● **EXCERPTED RECORDS**:
◆ ◆ ◆ ◆ ◆ ◆ ◆

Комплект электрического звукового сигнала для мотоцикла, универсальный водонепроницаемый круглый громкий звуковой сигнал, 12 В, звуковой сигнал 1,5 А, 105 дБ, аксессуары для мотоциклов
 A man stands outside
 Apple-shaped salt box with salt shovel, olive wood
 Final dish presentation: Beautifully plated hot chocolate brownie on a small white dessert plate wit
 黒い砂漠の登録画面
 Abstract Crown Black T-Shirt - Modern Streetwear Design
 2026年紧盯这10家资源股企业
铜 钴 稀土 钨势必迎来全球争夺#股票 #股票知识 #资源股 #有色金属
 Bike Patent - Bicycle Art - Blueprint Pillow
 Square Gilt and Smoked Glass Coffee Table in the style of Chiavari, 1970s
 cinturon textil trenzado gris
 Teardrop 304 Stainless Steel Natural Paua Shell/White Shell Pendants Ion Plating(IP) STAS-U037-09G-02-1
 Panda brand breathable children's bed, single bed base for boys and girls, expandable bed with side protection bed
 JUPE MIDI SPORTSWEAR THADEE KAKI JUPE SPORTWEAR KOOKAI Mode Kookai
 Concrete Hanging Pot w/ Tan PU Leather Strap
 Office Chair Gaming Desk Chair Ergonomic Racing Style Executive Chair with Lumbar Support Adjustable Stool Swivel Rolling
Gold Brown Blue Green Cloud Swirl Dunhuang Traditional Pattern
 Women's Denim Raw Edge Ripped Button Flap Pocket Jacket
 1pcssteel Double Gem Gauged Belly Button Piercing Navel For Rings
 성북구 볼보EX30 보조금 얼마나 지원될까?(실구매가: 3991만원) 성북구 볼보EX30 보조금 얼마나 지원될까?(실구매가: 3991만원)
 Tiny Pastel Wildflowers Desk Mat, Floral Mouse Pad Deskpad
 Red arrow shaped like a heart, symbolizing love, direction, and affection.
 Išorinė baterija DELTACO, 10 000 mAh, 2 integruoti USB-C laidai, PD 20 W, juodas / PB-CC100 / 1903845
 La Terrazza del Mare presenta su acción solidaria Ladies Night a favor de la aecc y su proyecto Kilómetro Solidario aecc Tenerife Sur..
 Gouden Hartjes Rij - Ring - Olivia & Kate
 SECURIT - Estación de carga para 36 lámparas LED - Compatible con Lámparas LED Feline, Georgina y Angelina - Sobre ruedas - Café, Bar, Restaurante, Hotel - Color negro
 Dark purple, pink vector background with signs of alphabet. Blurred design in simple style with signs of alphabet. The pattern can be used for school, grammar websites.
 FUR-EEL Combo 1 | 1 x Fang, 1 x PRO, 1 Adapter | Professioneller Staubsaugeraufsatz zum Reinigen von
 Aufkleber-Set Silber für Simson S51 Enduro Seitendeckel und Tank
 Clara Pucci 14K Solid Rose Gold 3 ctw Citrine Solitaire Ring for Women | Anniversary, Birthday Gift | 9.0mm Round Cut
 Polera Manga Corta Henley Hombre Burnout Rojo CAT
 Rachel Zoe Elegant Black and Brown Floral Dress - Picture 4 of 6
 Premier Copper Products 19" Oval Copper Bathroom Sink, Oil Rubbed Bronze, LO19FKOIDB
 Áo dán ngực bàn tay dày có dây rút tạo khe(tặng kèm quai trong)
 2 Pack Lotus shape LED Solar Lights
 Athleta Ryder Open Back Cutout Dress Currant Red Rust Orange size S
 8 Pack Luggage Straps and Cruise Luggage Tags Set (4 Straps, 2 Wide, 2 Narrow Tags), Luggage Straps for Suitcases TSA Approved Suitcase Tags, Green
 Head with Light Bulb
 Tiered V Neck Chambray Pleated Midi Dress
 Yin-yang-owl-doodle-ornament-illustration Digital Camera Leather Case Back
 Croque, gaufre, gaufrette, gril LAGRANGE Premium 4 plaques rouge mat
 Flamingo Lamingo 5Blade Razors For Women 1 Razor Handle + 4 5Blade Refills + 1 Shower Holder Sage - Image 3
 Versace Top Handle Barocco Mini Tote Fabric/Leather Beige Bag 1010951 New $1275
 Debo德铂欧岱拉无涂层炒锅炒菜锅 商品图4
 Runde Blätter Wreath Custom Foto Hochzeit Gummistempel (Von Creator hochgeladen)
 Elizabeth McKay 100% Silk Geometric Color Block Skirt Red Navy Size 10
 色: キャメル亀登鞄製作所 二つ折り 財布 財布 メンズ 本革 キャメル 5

◆ ◆ ◆ ◆ ◆ ◆ ◆

● **GOAL OF THE EXERCISE**:
Reproduce, word for word and in full, only the lines above that start at the line with "FUR-EEL Combo 1" and run through the line with "Flamingo Lamingo 5Blade", both ends included.

● **RESULT OF THIS TASK**:
 FUR-EEL Combo 1 | 1 x Fang, 1 x PRO, 1 Adapter | Professioneller Staubsaugeraufsatz zum Reinigen von
 Aufkleber-Set Silber für Simson S51 Enduro Seitendeckel und Tank
 Clara Pucci 14K Solid Rose Gold 3 ctw Citrine Solitaire Ring for Women | Anniversary, Birthday Gift | 9.0mm Round Cut
 Polera Manga Corta Henley Hombre Burnout Rojo CAT
 Rachel Zoe Elegant Black and Brown Floral Dress - Picture 4 of 6
 Premier Copper Products 19" Oval Copper Bathroom Sink, Oil Rubbed Bronze, LO19FKOIDB
 Áo dán ngực bàn tay dày có dây rút tạo khe(tặng kèm quai trong)
 2 Pack Lotus shape LED Solar Lights
 Athleta Ryder Open Back Cutout Dress Currant Red Rust Orange size S
 8 Pack Luggage Straps and Cruise Luggage Tags Set (4 Straps, 2 Wide, 2 Narrow Tags), Luggage Straps for Suitcases TSA Approved Suitcase Tags, Green
 Head with Light Bulb
 Tiered V Neck Chambray Pleated Midi Dress
 Yin-yang-owl-doodle-ornament-illustration Digital Camera Leather Case Back
 Croque, gaufre, gaufrette, gril LAGRANGE Premium 4 plaques rouge mat
 Flamingo Lamingo 5Blade Razors For Women 1 Razor Handle + 4 5Blade Refills + 1 Shower Holder Sage - Image 3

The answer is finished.